Andréa ne semble pas prendre ombrage de sa question trop directe tandis qu’elle lui parle plus en longueur de son métier. Pearl songe qu’elle aurait bien du mal à faire un tel travail. Le simple fait de devoir s’occuper d’un seul individu, plus généreux que capricieux, était déjà beaucoup pour elle, elle n’en aurait clairement pas fait son métier, même si elle veut croire ne pas toujours s’en être si mal sortie avec Steven (et parfois avec Amethyst, qui n’était pas non plus la maturité incarnée).
Les acteurs ont l’air d’être les plus capricieux entre tous, non, vraiment, ce ne serait pas un métier pour elle, et elle n’y trouve rien de franchement attirant. D’un autre côté, elle se doute que la géologie ne doit pas davantage intéresser la grande majorité de ceux auprès de qui elle ne fait qu’évoquer son métier. Andréa, elle, doit sans doute avoir davantage d’anecdotes croustillantes à raconter à la fin de la journée. Les acteurs sont trop bavards. On ne peut pas dire autant des pierres, en tout cas pas dans ce monde, pas dans cette dimension.

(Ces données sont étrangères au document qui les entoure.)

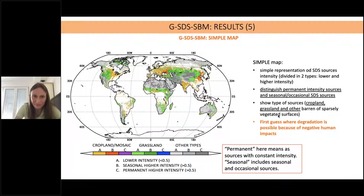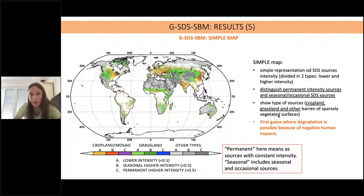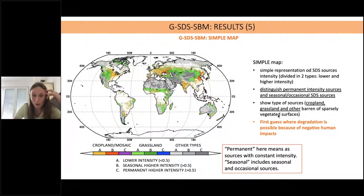A simplified map was also created including the type of source — whether cropland or grassland — to indicate the impact of agriculture. If a high-intensity cropland or grassland source is identified, it suggests negative human impact and land degradation in that area, indicating that intervention may be needed. For example, areas in Ukraine where dust storms appear correspond to red areas on the map for cropland-type sources, giving a first-guess indication of where land degradation is occurring.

Elle peut reconnaître ça à l’acteur qu’Andréa chaperonne, elle aurait tendance à admirer le dévouement à son travail, qui le pousse à rechercher toujours plus de réalisme. C’est peut-être un peu excessif, mais ça prouve qu’il s’implique, et Pearl a tendance à penser qu’un projet ne vaut définitivement rien si on ne s’y investit pas à cent pour cent. « C’est beau, cette dévotion à son métier », remarque simplement Pearl, mais sans en dire beaucoup plus, parce qu’elle ne se voit pas rentrer dans le détail de ce qu’elle ne connaît pas.
Le cinéma, c’est un milieu fascinant, certes, mais aux antipodes de tout ce qu’elle connaît ou a spécialement envie de connaître, alors même si elle est un peu curieuse, elle ne cherche pas à connaître des détails complémentaires, et de toute façon, il faut qu’elle se remette au travail, déjà qu’elle ne peut grapiller qu’un peu de temps entre deux prises.
« Merci », se contente-t-elle de dire en sentant ses joues rosir légèrement alors qu’Andréa la complimente sur son prénom… qui n’est pas exactement son prénom, puisqu’elle n’a pas exactement de prénom, pas plus que de nom, mais c’est une chose qu’elle s’épargne d’expliquer au détour d’une conversation toute simple, de même que le fait qu’elle soit littéralement une perle.
Elle envisage de dire quelque chose, même si rien d’intelligent ne lui vient, mais elle est partiellement sauvée par l’acteur qui, plus loin, réclame son agente. « Euh oui… un thé, j’aime bien le thé », répond-elle avant de remarquer la stupidité de sa réponse et de se racler la gorge. « Je vous laisse mon numéro si… vous voulez ? »
Intimidée par l’intérêt incompréhensible que lui porte cette femme si charismatique, Pearl est dans ses petits souliers. Elle comprendrait honnêtement qu’Andréa reprenne son invitation après ça, mais elle a toujours l’air décidée à lui consacrer du temps après le tournage.
"Quand je suis passée des mecs aux filles, j'ai eu l'impression de passer du bac à sable à un terrain de foot."
Elle acquiesça lorsque Pearl parla de dévotion. Pour sûr, la dévotion, c'était le mot juste. Surtout concernant cet acteur en particulier. Pearl avait très bien résumé la situation, aussi Andréa n'ajouta rien.
En revanche, elle remarqua la teinte de rose qui colora les joues de son interlocutrice, et ne sut retenir un sourire en coin, fière de son effet. C'était léger, mais c'était déjà quelque chose. Son sourire s'accentua lorsque Pearl accepta son invitation à se retrouver plus tard. Ca, ce n'était pas léger. Et cela la ravissait.
- Un thé, oui. C'est parfait, le thé. Et puis l'avantage c'est qu'il y a plein de sortes, alors on aura le choix, plaisanta-t-elle maladroitement pour contenir son excitation à l'idée qu'elles se reverraient.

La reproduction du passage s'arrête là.